I am currently experiencing a lot of things, most of these experiences are positive and moving me in ways that I have never been moved before. Yet, as all this is happening I still wake up in the morning asking myself why I have not disappeared yet? On most days I feel like crying, hoping that each drop aborts the negativity that I feel inside. But I know that it does not work that way.
When I was younger I would pack my bags during summer holidays and would pretend that I was going on a journey. I would pack a blanket, my favourite outfit, a pocket knife (that I “borrowed” from my dad’s office), a notebook, my pencil case filled with gel pens and a cuddly stuffed dog toy. I would then be on the lookout for my parents and siblings and would make sure that nobody would notice me leaving. When I was sure that nobody would know that I was gone, I would sneak out. We lived in a gated community. There were several lanes of houses and I would always enter the second lane and walk till the end of the road where there was a huge brick wall. I would lay out my blanket and sit under a tree and wait. I would wait for someone to come looking for me. Sometimes I would cry under the tree, but still, nobody came. Nobody ever came. At one point I would wait and hope that I would somehow disappear. Other times I would wish for a hero to come along. I was 12 years old.
My hero came in the form of writing. There were these sentences that would form in my head and I would write them down. The things that were all around me suddenly could speak to me through writing. Like the sunflowers that were growing in our garden suddenly became children of a mother that called her children sunflowers that woke at sunrise and fell asleep as the sunset.
Writing has brought me to connect with so many wonderful people. And I am so grateful for this, even if my depression can’t be written away.
One very impactful meeting in my life happened last night. As some of you know in September I will start a creative writing program. Last night, I had dinner with Professor Ngũgĩ wa Thiong’o and he wished me luck on my writing journey and he also shared a lot of wisdom with me. He spoke about how the core of bullying lies in the act of making the victim hate something about their body. When the bully makes the victim hate a part of their body, that part of the body then becomes an internal weapon of self-destruction. As the bully turns one’s body against oneself.

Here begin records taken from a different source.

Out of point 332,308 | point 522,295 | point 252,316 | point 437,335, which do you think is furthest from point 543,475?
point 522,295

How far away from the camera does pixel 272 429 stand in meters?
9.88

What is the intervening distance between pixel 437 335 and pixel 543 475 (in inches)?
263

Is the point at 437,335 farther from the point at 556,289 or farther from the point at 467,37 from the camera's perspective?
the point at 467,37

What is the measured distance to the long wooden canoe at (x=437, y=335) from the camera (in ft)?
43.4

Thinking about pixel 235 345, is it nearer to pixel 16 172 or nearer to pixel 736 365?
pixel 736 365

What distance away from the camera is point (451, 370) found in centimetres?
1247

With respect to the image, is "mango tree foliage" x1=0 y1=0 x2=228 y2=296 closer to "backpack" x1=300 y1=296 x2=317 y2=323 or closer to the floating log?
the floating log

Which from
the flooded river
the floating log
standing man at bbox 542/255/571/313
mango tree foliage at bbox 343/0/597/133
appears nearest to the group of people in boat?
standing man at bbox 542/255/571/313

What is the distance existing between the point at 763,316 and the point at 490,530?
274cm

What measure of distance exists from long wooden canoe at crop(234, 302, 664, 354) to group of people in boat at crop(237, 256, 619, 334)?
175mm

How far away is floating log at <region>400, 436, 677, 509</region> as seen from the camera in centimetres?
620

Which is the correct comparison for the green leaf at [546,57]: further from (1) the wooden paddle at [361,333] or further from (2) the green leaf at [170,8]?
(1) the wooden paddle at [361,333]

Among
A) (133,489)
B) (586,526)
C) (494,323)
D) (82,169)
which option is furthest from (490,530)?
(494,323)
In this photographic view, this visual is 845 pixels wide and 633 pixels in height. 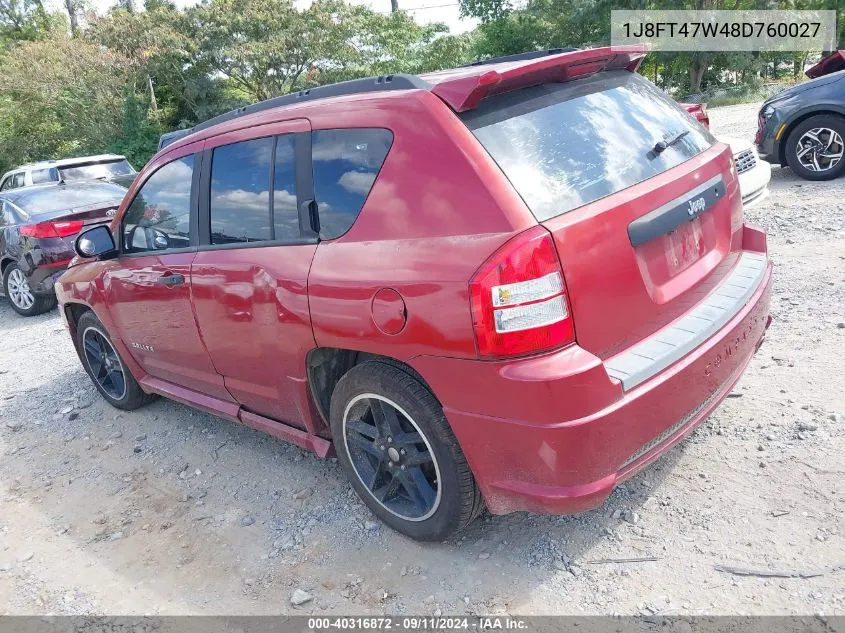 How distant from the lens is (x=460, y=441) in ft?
8.34

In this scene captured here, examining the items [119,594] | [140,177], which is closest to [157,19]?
[140,177]

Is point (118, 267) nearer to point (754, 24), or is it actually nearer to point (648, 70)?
point (754, 24)

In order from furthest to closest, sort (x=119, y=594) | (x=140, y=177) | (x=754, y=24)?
(x=754, y=24) → (x=140, y=177) → (x=119, y=594)

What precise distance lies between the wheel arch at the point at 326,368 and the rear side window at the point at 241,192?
61cm

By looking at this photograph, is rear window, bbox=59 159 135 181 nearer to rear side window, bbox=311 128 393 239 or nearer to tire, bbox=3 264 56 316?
tire, bbox=3 264 56 316

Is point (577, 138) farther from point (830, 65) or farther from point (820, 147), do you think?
point (830, 65)

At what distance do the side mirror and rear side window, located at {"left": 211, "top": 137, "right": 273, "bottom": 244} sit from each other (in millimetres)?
1117

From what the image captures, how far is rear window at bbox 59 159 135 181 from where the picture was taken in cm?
1272

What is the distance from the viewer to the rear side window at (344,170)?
272cm

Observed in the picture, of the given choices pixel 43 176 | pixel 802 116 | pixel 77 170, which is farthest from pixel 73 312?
pixel 43 176

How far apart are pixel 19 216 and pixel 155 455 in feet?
18.3

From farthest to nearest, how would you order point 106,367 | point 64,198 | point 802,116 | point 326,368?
point 64,198, point 802,116, point 106,367, point 326,368

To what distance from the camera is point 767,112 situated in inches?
317

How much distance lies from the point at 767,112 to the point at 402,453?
733 cm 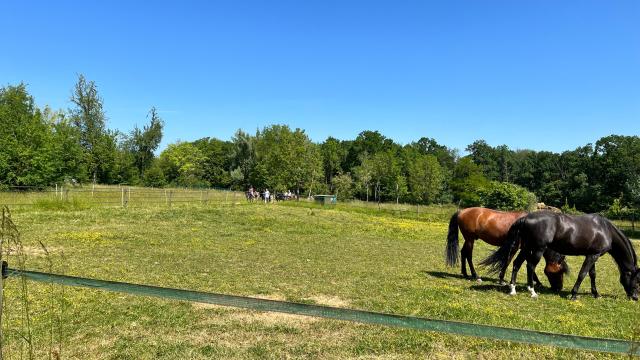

I feel like my body is a self-harming weapon because of how parts of myself have been criticised in the past. Like the fact that I did not have a mother made me a rotten child, a child with no manners, A child without a backbone, I think that’s why I always hope to fit in and to be liked. Its like I stretch myself and mould my body into an unholdable posture and try to hold on for so long even when it is no longer good for me to hold on. As a child, I was seeking attention, because I was ignored a lot. That’s why I would disappear and wait for someone to notice. When I would cry or self-harm my guardians would say “You just want attention, well guess what we don’t care, and you will not get attention from us”.
Starting a GoFundMe and performing my poetry has really shown me the wounds that this body that is fighting against itself has inflicted. I am truly grateful to everyone that has shown and is showing me love and attention. Yet, I also feel how this body is still fighting against itself. I have so many weapons in me that I must destroy and turn into instruments of love and healing.
Maybe all these moves and changes will give me the superpower to turn knives into flowers and become my own hero for a while.